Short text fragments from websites
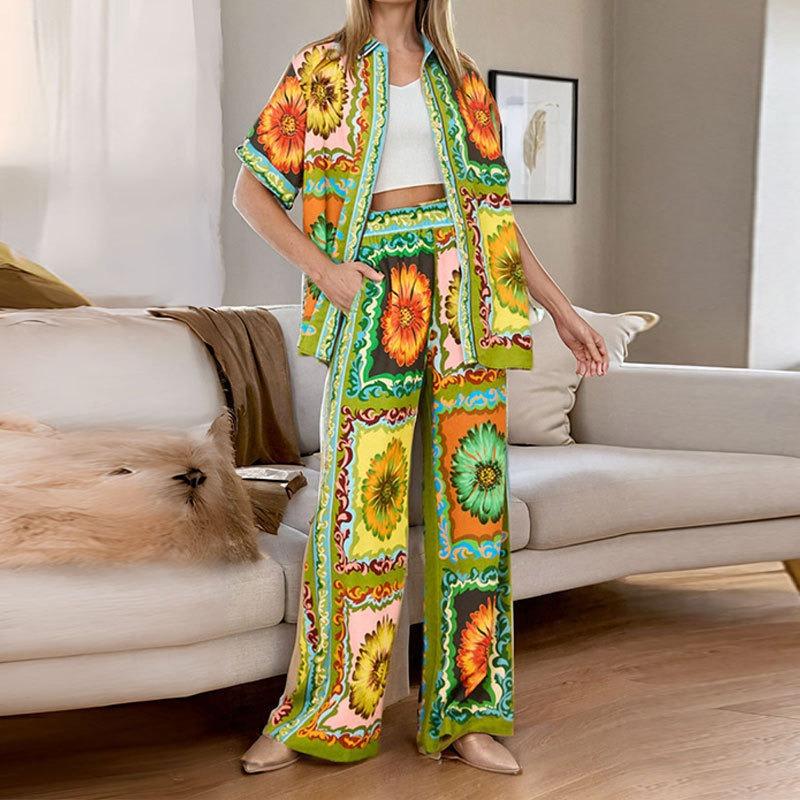 Street women's suit Printed digital high-end new trendy women's suit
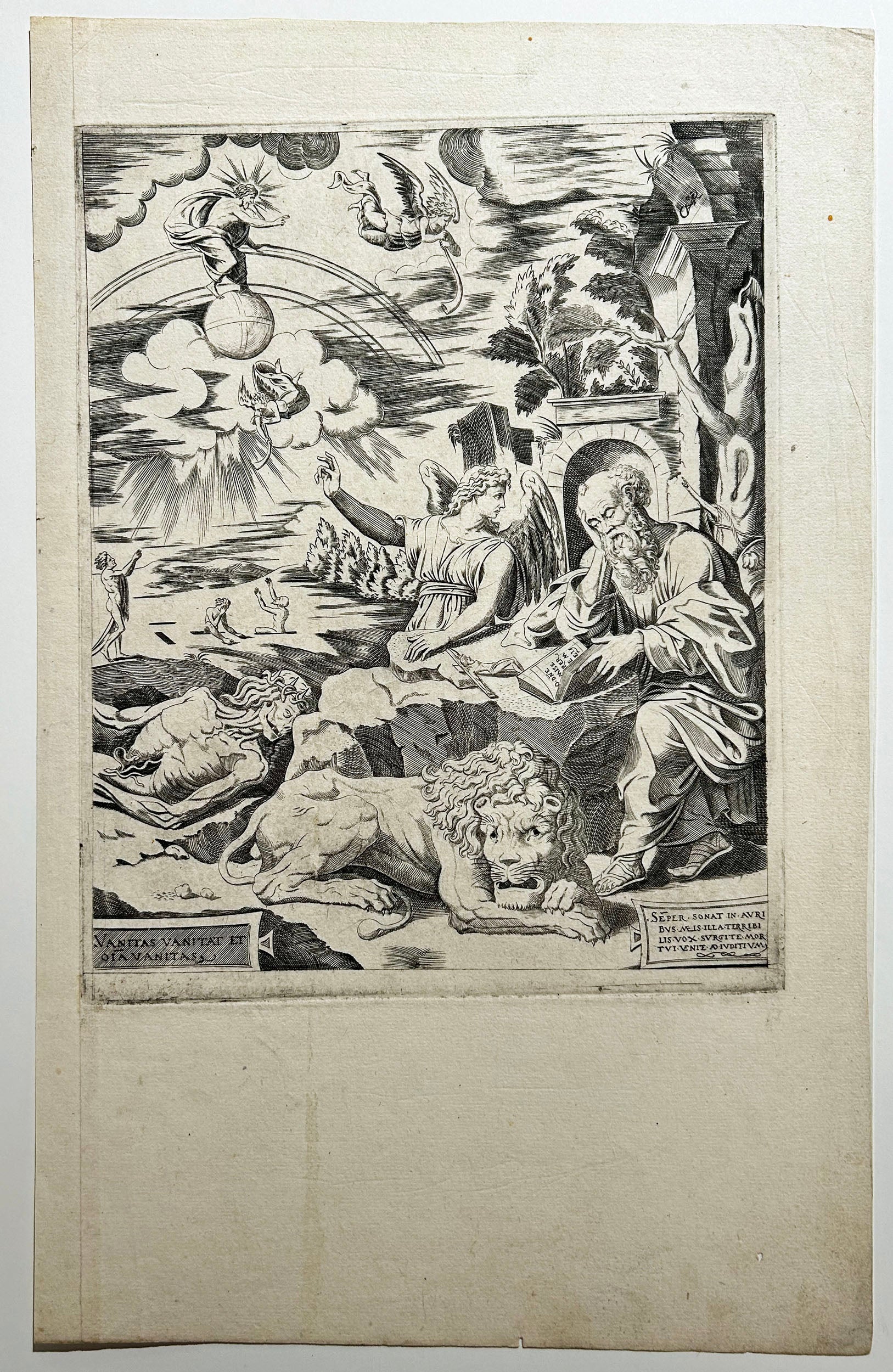 Saint Jérôme en méditation.
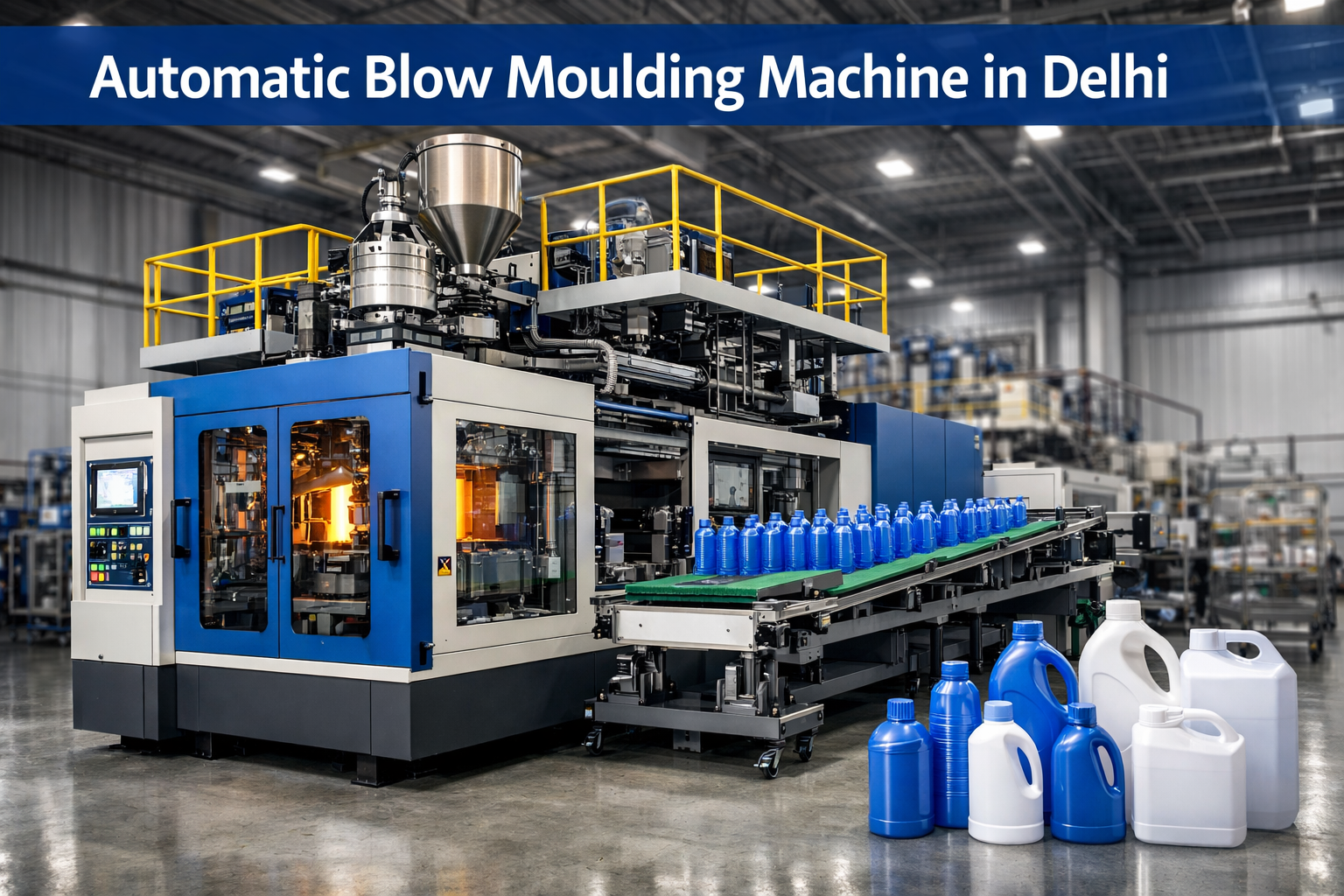 Automatic Blow Moulding Machine in Delhi
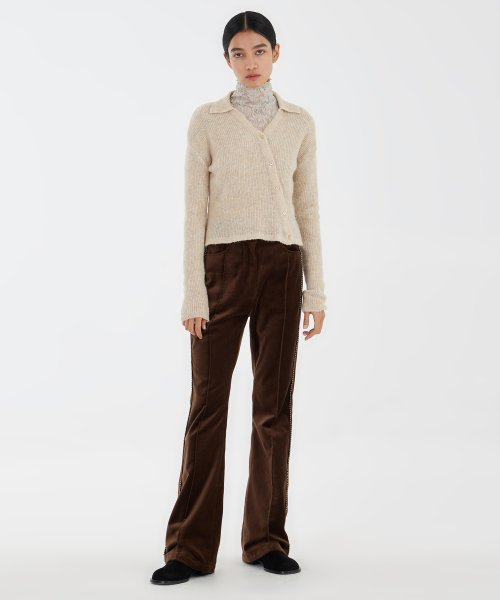Bootcut брюки - Brown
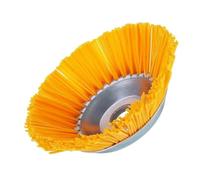 AOIUU Convient for tête de coupe-herbe universelle de 8 pouces, roue en nylon, brosse rotative for désherbage de jardin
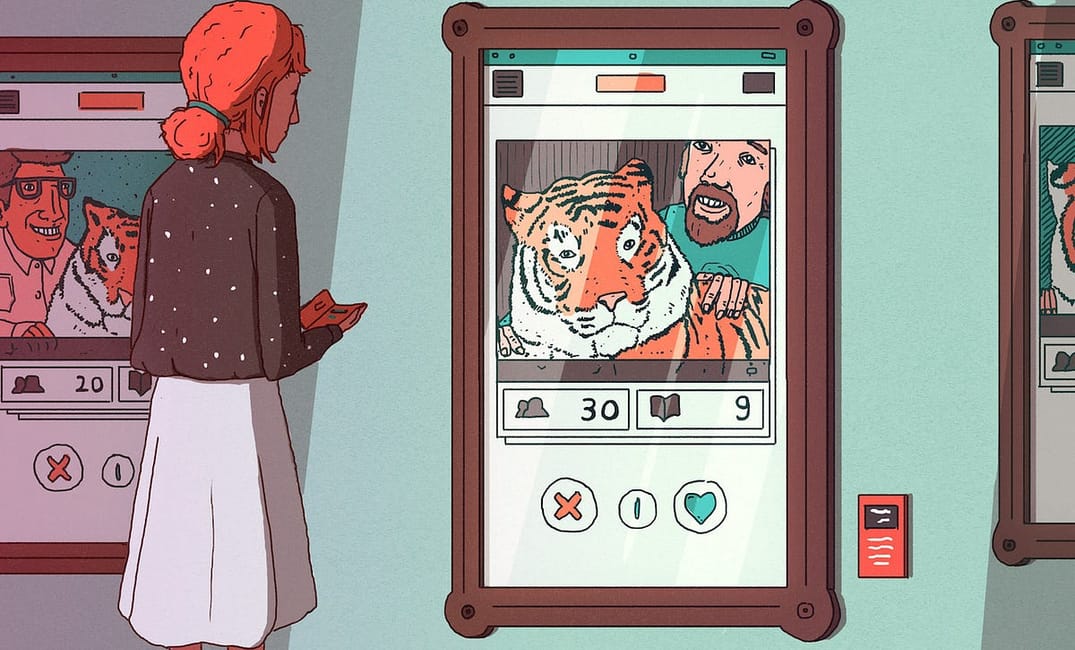 What’s with All the Tiger Selfies on Dating Apps?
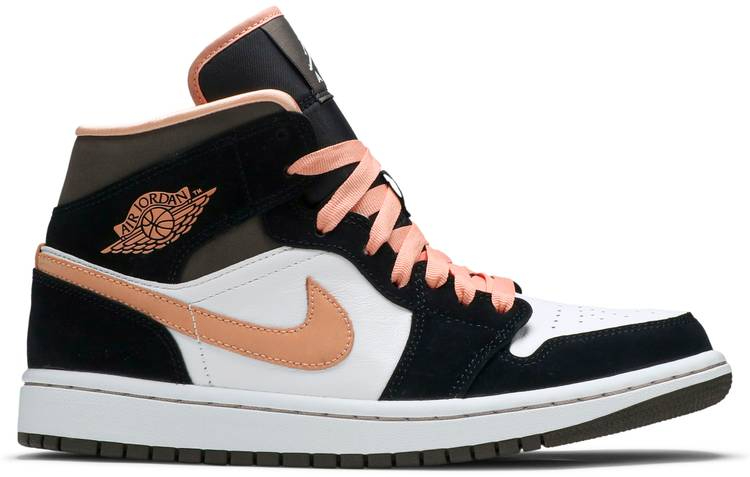 Wmns Air Jordan 1 Mid SE  Peach Mocha  DH0210-100 - vstockx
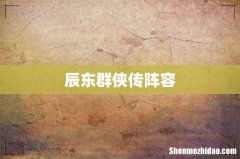 辰东群侠传阵容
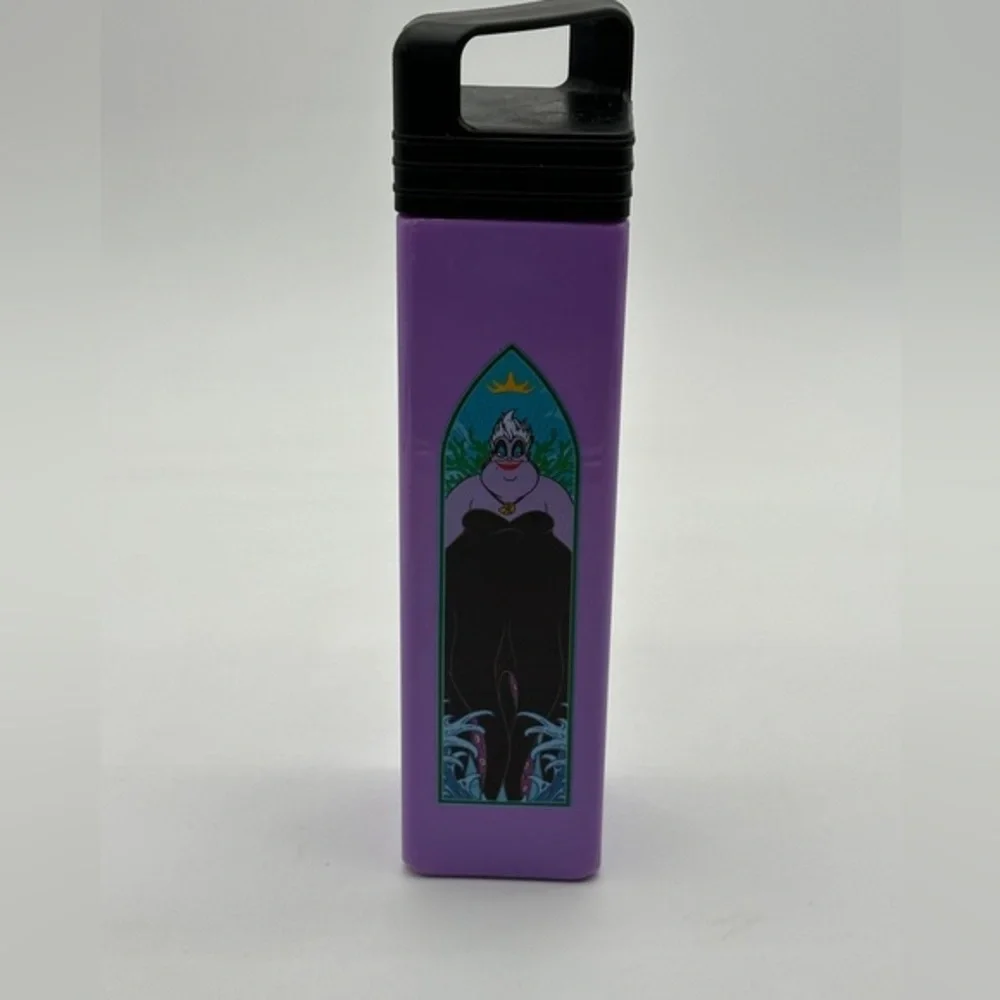 Square 25oz‎ Disney Villains Purple Bottle Cruella Ursula, Maleficent Fast Ship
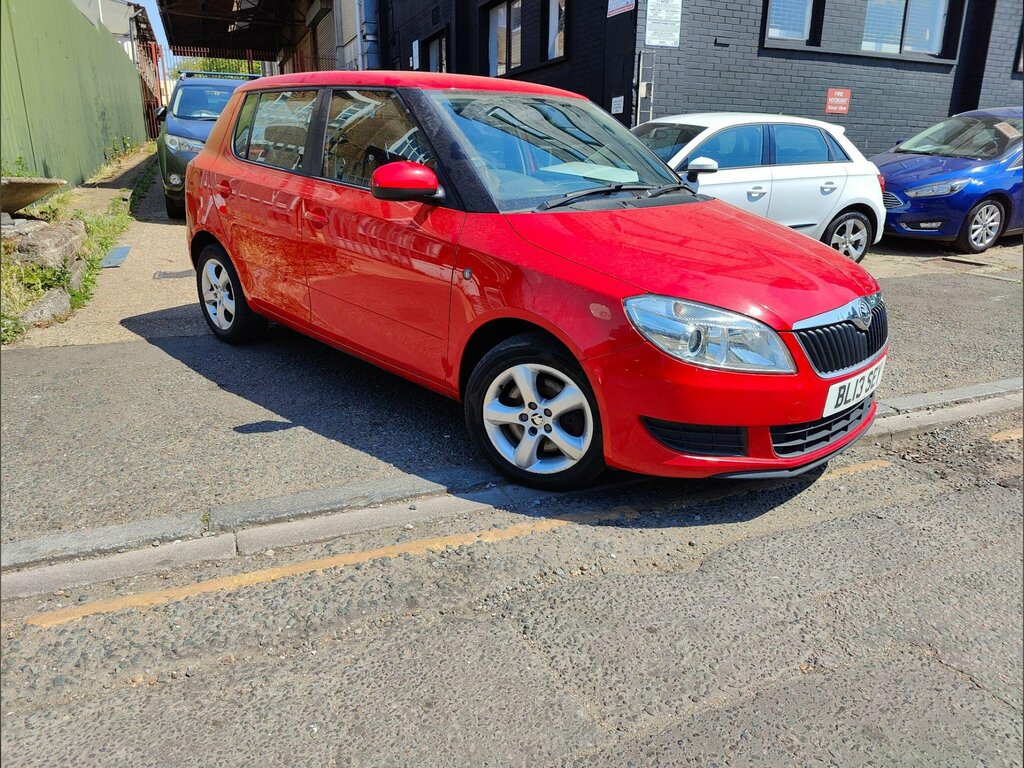 Skoda Fabia 1.2 Tsi Se Dsg Euro 5 Red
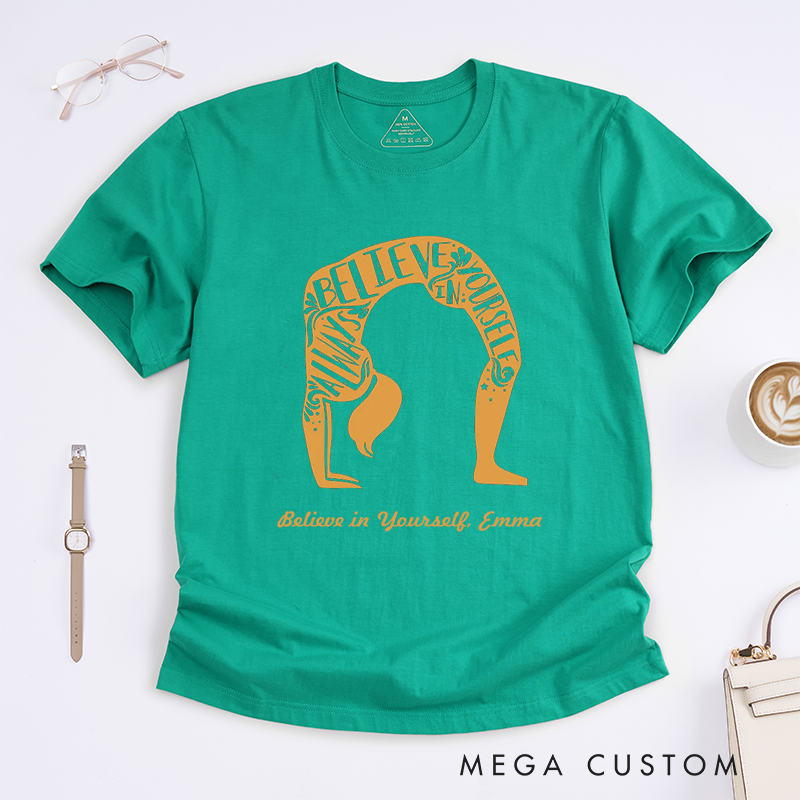 Personalized Yoga Pose T-Shirts Positive Energy T-Shirts Motivational Yoga T-Shirts Yoga Instructor Gift Ideas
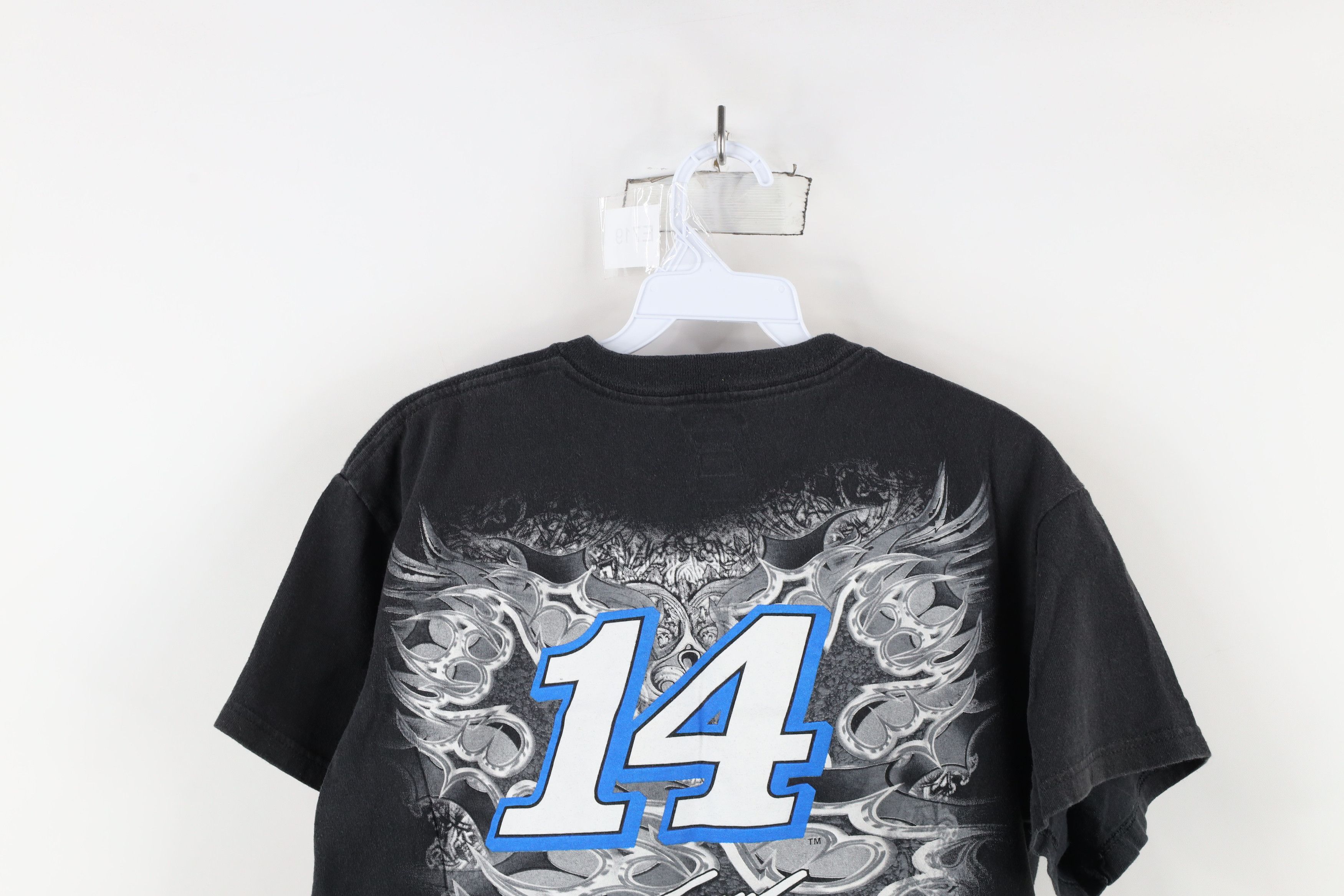 Vintage Vintage Y2K NASCAR Tony Stewart Racing Print T-Shirt Black Size US M / EU 48-50 / 2 - 11 Thumbnail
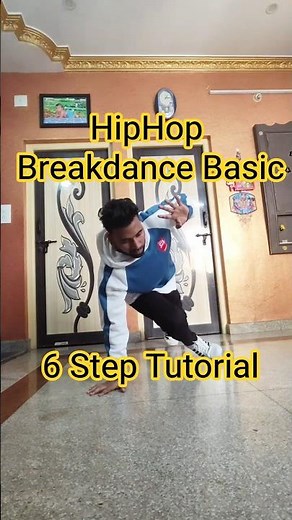 🔥HipHop Breakdance Basic 6 Step Tutorial | Learn Cool Move in 60 Seconds 💥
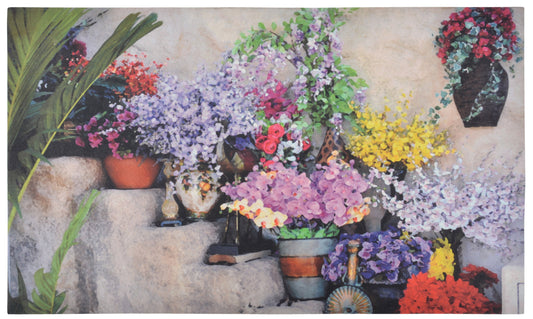 Dørmatte Blomstertrapp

**PROBLEM DESCRIPTION**
Take the lines above starting at the one containing "What’s with All" and ending at the one containing "Skoda Fabia 1.2 Tsi Se Dsg Euro 5 Red", and print them again exactly, without pictures.

**RESPONSE BOX**
 What’s with All the Tiger Selfies on Dating Apps?
 Wmns Air Jordan 1 Mid SE  Peach Mocha  DH0210-100 - vstockx
 辰东群侠传阵容
 Square 25oz‎ Disney Villains Purple Bottle Cruella Ursula, Maleficent Fast Ship
 Skoda Fabia 1.2 Tsi Se Dsg Euro 5 Red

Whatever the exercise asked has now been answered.